Every language is regular if there exists a DFA or NFA that accepts it. Let's consider just the languages with finite alphabets and let's construct a language $T$ with this alphabet. My confusion is that I think that every language with finite alphabet has a DFA or NFA no matter what. We can do something like the following:
And that would accept any language defined in $\sum$
Your NFA accepts any word on $\Sigma$, not any language. Indeed, it accepts the (one) language that contains all finite words on $\Sigma$. This is usually written $\Sigma^*$.
Every DFA or NFA accepts exactly one language, consisting of all words that have accepting runs in the automaton and only those. That is, all words such that, after reading them, the automaton is in an accepting state. An NFA may have multiple runs on the same word; it accepts that word if at least one of its runs terminates in an accepting (final) state. Still, for every word an automaton renders a verdict, and the language that the automaton accepts (or recognizes) is the set of exactly those words for with the verdict is "yes."

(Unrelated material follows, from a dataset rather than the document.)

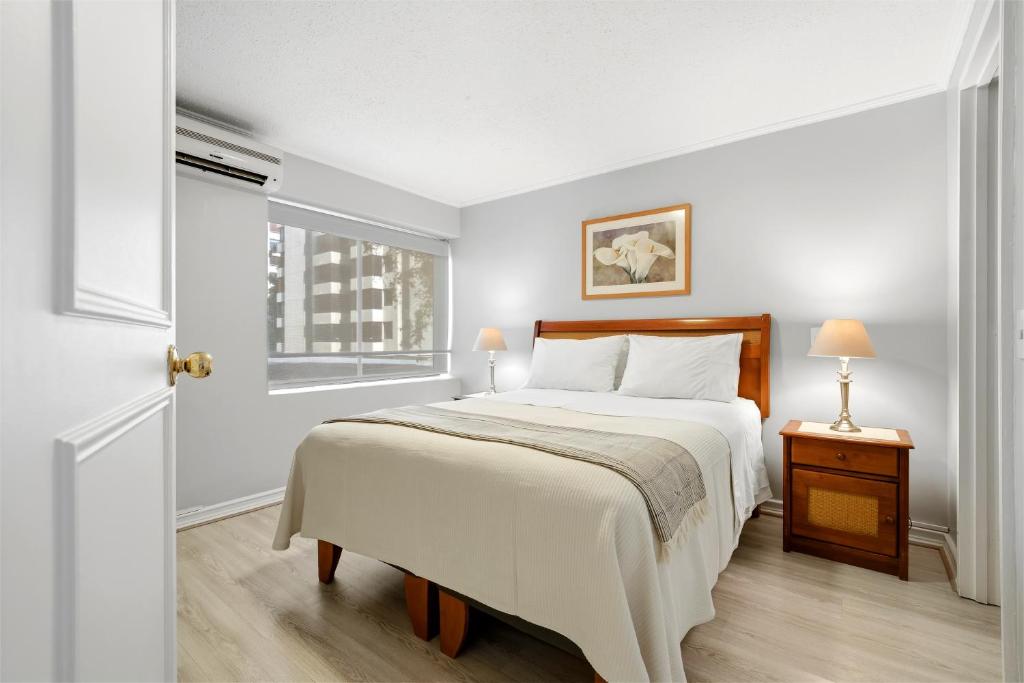 a white bedroom with a bed and a window at Isabel Suites Vitacura in Santiago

Every finite-word language $L$ on $\Sigma$ is a subset of $\Sigma^*$, which is regular, but that does not mean that $L$ is regular, just like a subset of an open set does not need to be open and a subset of an infinite set does not need to be infinite (or finite, for that matter).
Finally, it should be noted that being regular, for a language, is rather the exception than the norm. As long as $\Sigma$ in not empty, there are uncountably many subsets of $\Sigma^*$, but only countably many finite-state automata.